Marianne Reed will moderate the October 10th call.
The meeting will focus on a discussion of strategies for determining the levels of support (Supported, Known, Unknown/Unsupported) in the DSpace bitstream format registry and possible implications for preservation.

Preparing for the call

If you can join the call, or are willing to comment on the topics submitted via the meeting page, please add your name, institution, and repository URL to the Call Attendees section below.

Meeting notes

Call focused on what we’re doing as a community with the DSpace file format registry. 

What are institutions doing with this registry? What do the ‘levels of support’ mean at your institution - what levels of preservation do these suggest for you? Are institutions modifying the registry that comes packaged with DSpace?

At University of Kansas (KU): as KU was preparing to submit their electronic theses and dissertations to the Digital Preservation Network (DPN), they found a lot of supplemental files that accompanied the primary PDF file. Prompted conversation about these supplemental files - found ~40 filetypes among the set. (Apart from ETDs: Also use GoogleRefine to pull out filetypes from bitstream metadata matched with format registry for items submitted in previous two weeks. Prompts opportunity to intervene in filetypes.) 
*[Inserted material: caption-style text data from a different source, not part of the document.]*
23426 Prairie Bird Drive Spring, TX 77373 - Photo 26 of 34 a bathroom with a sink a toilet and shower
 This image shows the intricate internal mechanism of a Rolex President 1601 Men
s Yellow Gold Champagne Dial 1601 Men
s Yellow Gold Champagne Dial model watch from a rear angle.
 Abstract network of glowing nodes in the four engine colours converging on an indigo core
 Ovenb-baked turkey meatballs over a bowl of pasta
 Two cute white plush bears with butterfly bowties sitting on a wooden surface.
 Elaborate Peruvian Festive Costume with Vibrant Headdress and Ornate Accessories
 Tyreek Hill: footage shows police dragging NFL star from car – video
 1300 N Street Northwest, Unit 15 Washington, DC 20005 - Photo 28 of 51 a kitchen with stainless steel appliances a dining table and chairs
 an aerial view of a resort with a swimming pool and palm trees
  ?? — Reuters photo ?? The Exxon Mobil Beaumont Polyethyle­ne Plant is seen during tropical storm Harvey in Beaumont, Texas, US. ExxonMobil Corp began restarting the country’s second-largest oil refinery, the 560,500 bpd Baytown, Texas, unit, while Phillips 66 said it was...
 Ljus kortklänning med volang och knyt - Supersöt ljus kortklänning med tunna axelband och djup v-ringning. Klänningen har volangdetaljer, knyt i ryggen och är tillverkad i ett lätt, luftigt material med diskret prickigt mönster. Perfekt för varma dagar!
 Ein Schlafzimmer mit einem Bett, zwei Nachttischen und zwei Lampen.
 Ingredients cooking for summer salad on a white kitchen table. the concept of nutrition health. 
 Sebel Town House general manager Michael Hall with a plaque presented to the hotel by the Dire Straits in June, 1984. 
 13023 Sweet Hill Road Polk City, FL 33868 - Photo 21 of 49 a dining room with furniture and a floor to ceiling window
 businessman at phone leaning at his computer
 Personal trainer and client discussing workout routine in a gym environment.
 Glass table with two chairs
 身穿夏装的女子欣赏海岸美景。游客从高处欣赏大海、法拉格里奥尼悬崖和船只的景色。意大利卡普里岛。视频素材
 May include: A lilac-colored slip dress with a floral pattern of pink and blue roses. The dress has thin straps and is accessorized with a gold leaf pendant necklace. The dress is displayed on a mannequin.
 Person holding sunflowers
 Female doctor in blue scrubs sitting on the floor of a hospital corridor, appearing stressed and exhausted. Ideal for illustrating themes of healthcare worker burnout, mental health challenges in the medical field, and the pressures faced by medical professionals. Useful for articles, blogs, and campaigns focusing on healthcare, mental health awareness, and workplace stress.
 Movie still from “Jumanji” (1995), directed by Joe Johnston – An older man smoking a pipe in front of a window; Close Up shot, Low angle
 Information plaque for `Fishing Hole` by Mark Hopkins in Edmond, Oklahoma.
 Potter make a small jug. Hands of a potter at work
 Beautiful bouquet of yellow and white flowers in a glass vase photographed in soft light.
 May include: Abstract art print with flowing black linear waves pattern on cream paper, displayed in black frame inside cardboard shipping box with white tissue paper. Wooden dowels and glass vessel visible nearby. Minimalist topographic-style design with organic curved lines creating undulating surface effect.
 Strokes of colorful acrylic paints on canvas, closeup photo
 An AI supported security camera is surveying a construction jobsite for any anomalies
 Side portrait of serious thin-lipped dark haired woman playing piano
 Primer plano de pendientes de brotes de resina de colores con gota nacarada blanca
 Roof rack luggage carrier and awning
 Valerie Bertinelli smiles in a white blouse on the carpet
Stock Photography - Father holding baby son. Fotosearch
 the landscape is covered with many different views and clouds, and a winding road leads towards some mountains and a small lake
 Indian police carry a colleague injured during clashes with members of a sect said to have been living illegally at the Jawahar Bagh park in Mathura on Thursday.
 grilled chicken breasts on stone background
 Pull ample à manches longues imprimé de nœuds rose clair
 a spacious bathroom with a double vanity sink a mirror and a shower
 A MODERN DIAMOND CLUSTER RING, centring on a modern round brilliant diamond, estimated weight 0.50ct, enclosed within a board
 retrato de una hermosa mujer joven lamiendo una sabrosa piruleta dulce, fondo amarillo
At University of Edinburgh: use registry essentially out of the box. Find it a bit clunky and suggest it could be made 'smarter' by making information about the formats more readily accessible and searchable. They bring information about the file extensions into a standalone team wiki page to make it more accessible. Will use PRONOM and DROID to automate and track. DSpace should be configured to check filename extensions when users upload and showing information about levels of support. Also encountered some messiness with need to record a MIMETYPE for each file format. Have developed largely manual systematic approaches to tracking filetypes for digital preservation and would like to see more of this built into DSpace. 

What is the history of this DSpace feature and intentions behind it or any ongoing work to develop it? (No one on the call knew this history.)

Georgetown has added JP2 to their registry but has otherwise not altered.

What are the distinctions between known/unknown/supported? Are institutions backing up 'supported' with official policy? Reed points to MIT's approach as exemplary.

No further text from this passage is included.